Exercise objective:
Repeat the entire listing exactly as written.

Data for the task:

_ _ _ _ _ _ _

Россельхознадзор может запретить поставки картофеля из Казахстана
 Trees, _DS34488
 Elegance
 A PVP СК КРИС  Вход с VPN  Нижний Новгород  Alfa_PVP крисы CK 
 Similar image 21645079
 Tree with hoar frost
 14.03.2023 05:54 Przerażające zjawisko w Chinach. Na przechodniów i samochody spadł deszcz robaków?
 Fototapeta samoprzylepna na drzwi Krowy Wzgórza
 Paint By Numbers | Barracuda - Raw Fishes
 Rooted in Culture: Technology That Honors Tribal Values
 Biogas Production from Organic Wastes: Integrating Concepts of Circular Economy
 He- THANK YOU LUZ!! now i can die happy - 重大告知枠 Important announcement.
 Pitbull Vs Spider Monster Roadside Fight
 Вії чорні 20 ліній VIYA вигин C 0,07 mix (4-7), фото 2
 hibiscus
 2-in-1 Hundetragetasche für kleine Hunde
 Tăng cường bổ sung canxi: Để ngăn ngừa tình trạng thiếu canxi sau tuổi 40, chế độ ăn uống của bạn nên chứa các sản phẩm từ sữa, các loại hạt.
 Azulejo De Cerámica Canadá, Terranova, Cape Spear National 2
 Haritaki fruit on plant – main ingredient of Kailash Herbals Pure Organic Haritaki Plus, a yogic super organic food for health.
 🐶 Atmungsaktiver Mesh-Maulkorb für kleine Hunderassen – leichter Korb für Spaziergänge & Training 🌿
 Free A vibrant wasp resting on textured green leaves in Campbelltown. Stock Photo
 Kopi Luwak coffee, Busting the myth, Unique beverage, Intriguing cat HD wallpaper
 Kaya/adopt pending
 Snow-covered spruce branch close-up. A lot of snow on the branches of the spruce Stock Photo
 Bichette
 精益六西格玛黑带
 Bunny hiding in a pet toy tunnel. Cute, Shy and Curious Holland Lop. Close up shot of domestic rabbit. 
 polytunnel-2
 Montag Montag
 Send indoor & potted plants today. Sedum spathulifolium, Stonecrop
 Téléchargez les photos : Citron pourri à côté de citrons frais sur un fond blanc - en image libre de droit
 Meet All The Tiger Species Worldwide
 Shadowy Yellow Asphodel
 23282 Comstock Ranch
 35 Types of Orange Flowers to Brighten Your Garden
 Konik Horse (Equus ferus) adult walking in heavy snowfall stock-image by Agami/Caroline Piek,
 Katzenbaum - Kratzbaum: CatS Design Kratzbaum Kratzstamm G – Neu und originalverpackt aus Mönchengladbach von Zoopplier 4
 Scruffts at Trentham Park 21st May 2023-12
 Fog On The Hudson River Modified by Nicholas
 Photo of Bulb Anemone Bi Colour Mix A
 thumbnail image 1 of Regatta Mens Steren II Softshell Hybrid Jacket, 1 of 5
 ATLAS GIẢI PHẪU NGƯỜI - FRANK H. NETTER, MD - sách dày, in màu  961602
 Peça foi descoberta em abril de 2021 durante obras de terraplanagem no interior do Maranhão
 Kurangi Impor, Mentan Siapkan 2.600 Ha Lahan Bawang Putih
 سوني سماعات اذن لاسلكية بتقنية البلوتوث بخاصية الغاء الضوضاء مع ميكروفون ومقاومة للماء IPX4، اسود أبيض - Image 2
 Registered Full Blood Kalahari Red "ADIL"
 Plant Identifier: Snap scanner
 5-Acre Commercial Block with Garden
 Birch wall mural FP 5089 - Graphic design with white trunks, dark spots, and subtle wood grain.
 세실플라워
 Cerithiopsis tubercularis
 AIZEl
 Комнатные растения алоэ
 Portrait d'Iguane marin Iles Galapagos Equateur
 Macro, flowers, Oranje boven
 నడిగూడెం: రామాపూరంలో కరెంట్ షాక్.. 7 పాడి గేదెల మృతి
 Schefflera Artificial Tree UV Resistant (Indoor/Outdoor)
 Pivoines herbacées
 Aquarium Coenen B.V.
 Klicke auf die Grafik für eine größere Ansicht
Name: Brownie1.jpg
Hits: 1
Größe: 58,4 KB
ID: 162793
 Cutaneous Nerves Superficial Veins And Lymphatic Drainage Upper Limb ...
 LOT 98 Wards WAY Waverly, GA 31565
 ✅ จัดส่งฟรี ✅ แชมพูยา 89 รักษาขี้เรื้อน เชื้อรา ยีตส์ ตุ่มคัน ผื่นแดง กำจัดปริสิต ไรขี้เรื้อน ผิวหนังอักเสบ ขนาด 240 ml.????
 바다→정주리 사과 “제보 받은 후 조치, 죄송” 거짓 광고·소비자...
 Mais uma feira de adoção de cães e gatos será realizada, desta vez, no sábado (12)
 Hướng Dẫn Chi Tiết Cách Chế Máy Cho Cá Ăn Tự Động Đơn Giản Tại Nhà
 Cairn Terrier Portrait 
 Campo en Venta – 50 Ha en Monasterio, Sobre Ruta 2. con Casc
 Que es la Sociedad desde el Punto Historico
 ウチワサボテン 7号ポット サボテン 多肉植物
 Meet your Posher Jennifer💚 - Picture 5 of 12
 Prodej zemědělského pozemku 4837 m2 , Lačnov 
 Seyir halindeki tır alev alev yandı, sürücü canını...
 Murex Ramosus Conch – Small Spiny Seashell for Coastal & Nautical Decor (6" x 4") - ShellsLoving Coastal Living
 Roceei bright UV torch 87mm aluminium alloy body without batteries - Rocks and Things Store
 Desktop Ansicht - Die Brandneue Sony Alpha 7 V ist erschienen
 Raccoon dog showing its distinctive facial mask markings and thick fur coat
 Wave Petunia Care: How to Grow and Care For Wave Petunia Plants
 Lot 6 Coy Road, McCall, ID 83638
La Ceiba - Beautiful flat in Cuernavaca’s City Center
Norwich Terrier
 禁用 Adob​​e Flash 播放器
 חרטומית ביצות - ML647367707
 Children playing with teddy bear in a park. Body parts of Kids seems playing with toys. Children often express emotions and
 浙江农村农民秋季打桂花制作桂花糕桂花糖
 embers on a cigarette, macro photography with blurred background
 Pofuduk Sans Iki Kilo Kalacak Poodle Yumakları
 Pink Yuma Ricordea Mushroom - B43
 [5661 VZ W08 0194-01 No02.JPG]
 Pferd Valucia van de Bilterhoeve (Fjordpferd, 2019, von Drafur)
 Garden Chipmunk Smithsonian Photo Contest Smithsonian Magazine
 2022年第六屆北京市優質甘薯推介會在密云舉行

_ _ _ _ _ _ _

Response to the exercise:
Россельхознадзор может запретить поставки картофеля из Казахстана
 Trees, _DS34488
 Elegance
 A PVP СК КРИС  Вход с VPN  Нижний Новгород  Alfa_PVP крисы CK 
 Similar image 21645079
 Tree with hoar frost
 14.03.2023 05:54 Przerażające zjawisko w Chinach. Na przechodniów i samochody spadł deszcz robaków?
 Fototapeta samoprzylepna na drzwi Krowy Wzgórza
 Paint By Numbers | Barracuda - Raw Fishes
 Rooted in Culture: Technology That Honors Tribal Values
 Biogas Production from Organic Wastes: Integrating Concepts of Circular Economy
 He- THANK YOU LUZ!! now i can die happy - 重大告知枠 Important announcement.
 Pitbull Vs Spider Monster Roadside Fight
 Вії чорні 20 ліній VIYA вигин C 0,07 mix (4-7), фото 2
 hibiscus
 2-in-1 Hundetragetasche für kleine Hunde
 Tăng cường bổ sung canxi: Để ngăn ngừa tình trạng thiếu canxi sau tuổi 40, chế độ ăn uống của bạn nên chứa các sản phẩm từ sữa, các loại hạt.
 Azulejo De Cerámica Canadá, Terranova, Cape Spear National 2
 Haritaki fruit on plant – main ingredient of Kailash Herbals Pure Organic Haritaki Plus, a yogic super organic food for health.
 🐶 Atmungsaktiver Mesh-Maulkorb für kleine Hunderassen – leichter Korb für Spaziergänge & Training 🌿
 Free A vibrant wasp resting on textured green leaves in Campbelltown. Stock Photo
 Kopi Luwak coffee, Busting the myth, Unique beverage, Intriguing cat HD wallpaper
 Kaya/adopt pending
 Snow-covered spruce branch close-up. A lot of snow on the branches of the spruce Stock Photo
 Bichette
 精益六西格玛黑带
 Bunny hiding in a pet toy tunnel. Cute, Shy and Curious Holland Lop. Close up shot of domestic rabbit. 
 polytunnel-2
 Montag Montag
 Send indoor & potted plants today. Sedum spathulifolium, Stonecrop
 Téléchargez les photos : Citron pourri à côté de citrons frais sur un fond blanc - en image libre de droit
 Meet All The Tiger Species Worldwide
 Shadowy Yellow Asphodel
 23282 Comstock Ranch
 35 Types of Orange Flowers to Brighten Your Garden
 Konik Horse (Equus ferus) adult walking in heavy snowfall stock-image by Agami/Caroline Piek,
 Katzenbaum - Kratzbaum: CatS Design Kratzbaum Kratzstamm G – Neu und originalverpackt aus Mönchengladbach von Zoopplier 4
 Scruffts at Trentham Park 21st May 2023-12
 Fog On The Hudson River Modified by Nicholas
 Photo of Bulb Anemone Bi Colour Mix A
 thumbnail image 1 of Regatta Mens Steren II Softshell Hybrid Jacket, 1 of 5
 ATLAS GIẢI PHẪU NGƯỜI - FRANK H. NETTER, MD - sách dày, in màu  961602
 Peça foi descoberta em abril de 2021 durante obras de terraplanagem no interior do Maranhão
 Kurangi Impor, Mentan Siapkan 2.600 Ha Lahan Bawang Putih
 سوني سماعات اذن لاسلكية بتقنية البلوتوث بخاصية الغاء الضوضاء مع ميكروفون ومقاومة للماء IPX4، اسود أبيض - Image 2
 Registered Full Blood Kalahari Red "ADIL"
 Plant Identifier: Snap scanner
 5-Acre Commercial Block with Garden
 Birch wall mural FP 5089 - Graphic design with white trunks, dark spots, and subtle wood grain.
 세실플라워
 Cerithiopsis tubercularis
 AIZEl
 Комнатные растения алоэ
 Portrait d'Iguane marin Iles Galapagos Equateur
 Macro, flowers, Oranje boven
 నడిగూడెం: రామాపూరంలో కరెంట్ షాక్.. 7 పాడి గేదెల మృతి
 Schefflera Artificial Tree UV Resistant (Indoor/Outdoor)
 Pivoines herbacées
 Aquarium Coenen B.V.
 Klicke auf die Grafik für eine größere Ansicht
Name: Brownie1.jpg
Hits: 1
Größe: 58,4 KB
ID: 162793
 Cutaneous Nerves Superficial Veins And Lymphatic Drainage Upper Limb ...
 LOT 98 Wards WAY Waverly, GA 31565
 ✅ จัดส่งฟรี ✅ แชมพูยา 89 รักษาขี้เรื้อน เชื้อรา ยีตส์ ตุ่มคัน ผื่นแดง กำจัดปริสิต ไรขี้เรื้อน ผิวหนังอักเสบ ขนาด 240 ml.????
 바다→정주리 사과 “제보 받은 후 조치, 죄송” 거짓 광고·소비자...
 Mais uma feira de adoção de cães e gatos será realizada, desta vez, no sábado (12)
 Hướng Dẫn Chi Tiết Cách Chế Máy Cho Cá Ăn Tự Động Đơn Giản Tại Nhà
 Cairn Terrier Portrait 
 Campo en Venta – 50 Ha en Monasterio, Sobre Ruta 2. con Casc
 Que es la Sociedad desde el Punto Historico
 ウチワサボテン 7号ポット サボテン 多肉植物
 Meet your Posher Jennifer💚 - Picture 5 of 12
 Prodej zemědělského pozemku 4837 m2 , Lačnov 
 Seyir halindeki tır alev alev yandı, sürücü canını...
 Murex Ramosus Conch – Small Spiny Seashell for Coastal & Nautical Decor (6" x 4") - ShellsLoving Coastal Living
 Roceei bright UV torch 87mm aluminium alloy body without batteries - Rocks and Things Store
 Desktop Ansicht - Die Brandneue Sony Alpha 7 V ist erschienen
 Raccoon dog showing its distinctive facial mask markings and thick fur coat
 Wave Petunia Care: How to Grow and Care For Wave Petunia Plants
 Lot 6 Coy Road, McCall, ID 83638
La Ceiba - Beautiful flat in Cuernavaca’s City Center
Norwich Terrier
 禁用 Adob​​e Flash 播放器
 חרטומית ביצות - ML647367707
 Children playing with teddy bear in a park. Body parts of Kids seems playing with toys. Children often express emotions and
 浙江农村农民秋季打桂花制作桂花糕桂花糖
 embers on a cigarette, macro photography with blurred background
 Pofuduk Sans Iki Kilo Kalacak Poodle Yumakları
 Pink Yuma Ricordea Mushroom - B43
 [5661 VZ W08 0194-01 No02.JPG]
 Pferd Valucia van de Bilterhoeve (Fjordpferd, 2019, von Drafur)
 Garden Chipmunk Smithsonian Photo Contest Smithsonian Magazine
 2022年第六屆北京市優質甘薯推介會在密云舉行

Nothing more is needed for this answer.